I have mixed thoughts on this, as a believer in the preservation of the arts, but also a kid who grew up in the Pittsburgh area and was surrounded by Carnegie libraries, museums, etc. Are these nice to have? Yes. Does it make up for the pollution, labor practices, and wealth hoarding by these industrialists that were so greedy they did not care if they were evil, but instead chose to buy their way into good public standing? No. My Grandma died of COPD, from the level of pollution she was exposed to as a kid in the 1940s. The Atlantic Monthly, in 1868, called the city of Pittsburgh, “hell with the lid taken off.” Soot from the Steel factories coated everything. The number of heart conditions in my family, and later autoimmune conditions, has been shocking, until you consider the effect of pollution. Similarly, the number of people from my home region with Cancer has been downright terrifying. You still can’t eat the fish from the rivers or ponds.

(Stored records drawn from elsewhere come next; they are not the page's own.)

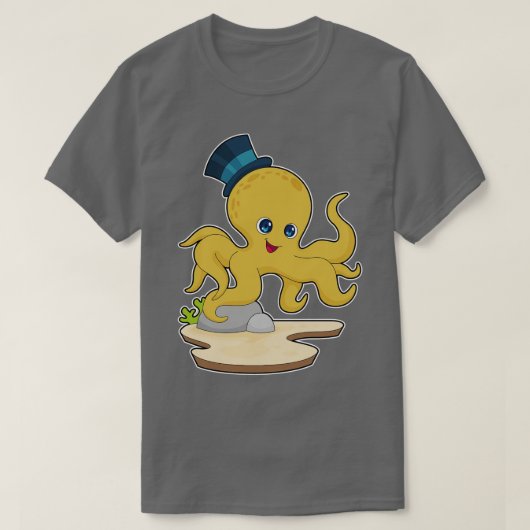Octopus Gentleman Pet T-shirt (Design voorkant)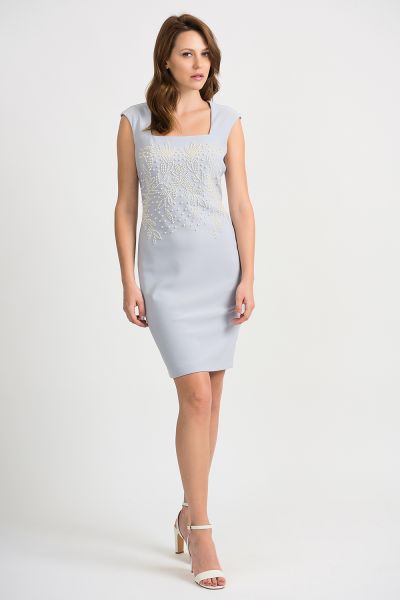 Joseph Ribkoff Grey Frost Dress Style 201218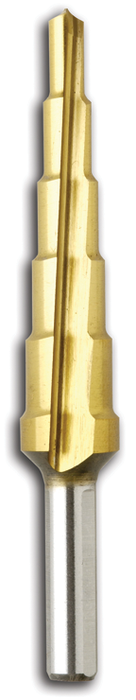 Bosch SDT6 3/16 In. to 1/2 In. Titanium-Coated Step Drill Bit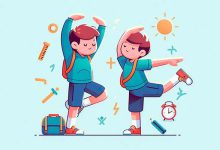 ورزش صبحگاهی در مدرسه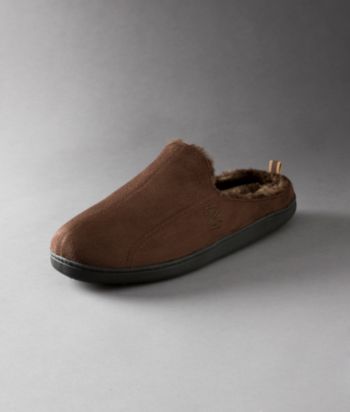 Izod® Men's Open Back Microsuede Clog Slipper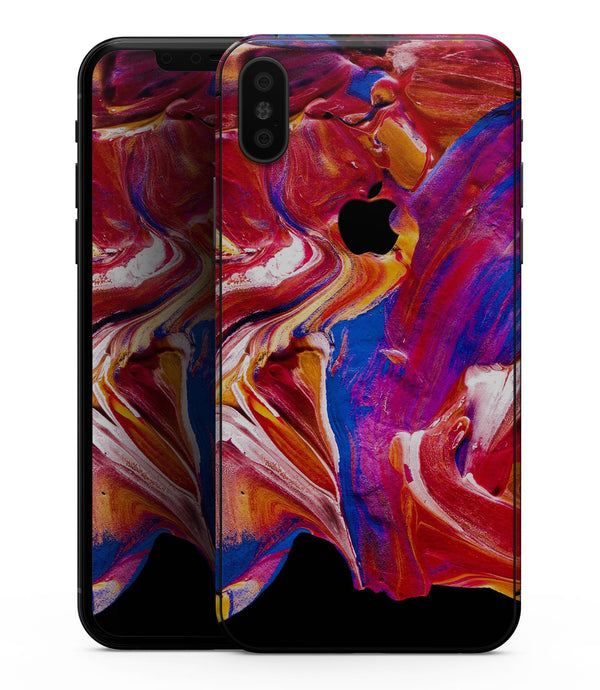 Liquid Abstract Paint V44 - iPhone XS MAX, XS/X, 8/8+, 7/7+, 5/5S/SE Skin-Kit (All iPhones Avaiable)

But forget that, right? Let’s have a ball, and display our wealth to all the people around the world who will never experience this kind of luxury. We have to preserve the arts and fashion history! Yeah…honestly, when you consider how much human suffering is essential to this kind of wealth, that these systems depend on most people going without human rights and dignity so that they can wear their custom haute couture to donate millions to a single museum, it’s disgusting to me. And I love fashion.

History is great, sometimes, but more often than not, it is a tragic collection of stories of inequality, suffering, war, destruction, and a few that benefit greatly from the oppression of others. You don’t have to dig far into the history of my country to see how true this is. I mean, each day this Iran War drags on, add another footnote to the list of wrongs. I would rather preserve cultures than general historical collections that focus on white, Eurocentric clothing on white Eurocentric mannequins. The bulk of the vast Costume Institute’s collection, the biggest in the world, is mostly Western clothing with a few token exceptions, displayed on mostly small, white mannequins. The Met has enough resources and clout to do better. The fashion industry is not interested in doing better, though. They are one of the biggest polluting industries in the world, and have knit together their brand empires with sweatshops in the global south. I guess my point is, I think we all know enough about Western fashion and luxury fashion. More than I think we need to know. Who is preserving the fashion history of the places and people who make the clothes, and whose lives are being wasted away sewing day in and day out to feed their family a meager portion, while these brands spend hundreds of thousands of dollars at the Met Gala? If they have enough to blow money on this event, it is despicable that they choose to not pay their workers properly, and give them vacation time, health care, maternity/paternity leave, etc.

The most difficult part of this conversation, for most of us, is the Amazon of it all. I shop on Amazon, most of us do. Sometimes it literally is the only option, and I know it is not a good company, and I am not proud of supporting it. It makes me feel like a big hypocrite. Because with Amazon, you don’t have to leave the US to see how bad they treat their employees. It’s out in the open, and hyper-consumerism and lack of other options make the bad behavior of Amazon seem beyond reproach due to how entrenched the company is in our world. I do think the Met Gala is an offensive flaunting of wealth that we, normal people, should stop worshipping because it’s pretty and is “art.” I do think the “Eat the Rich” protests are valid, and I think a lot of us feel stuck because we feel like hypocrites. After all, the system seems rigged right now for billionaire domination, and sometimes the only or cheaper option is supporting these businesses, like Amazon.

I like fashion history, but I don’t like the Met Gala. I don’t like Bezos or how he does business, and I do have an Amazon package arriving today. Just as much of life is complex, this subject is so layered, and I hope I made sense in this post.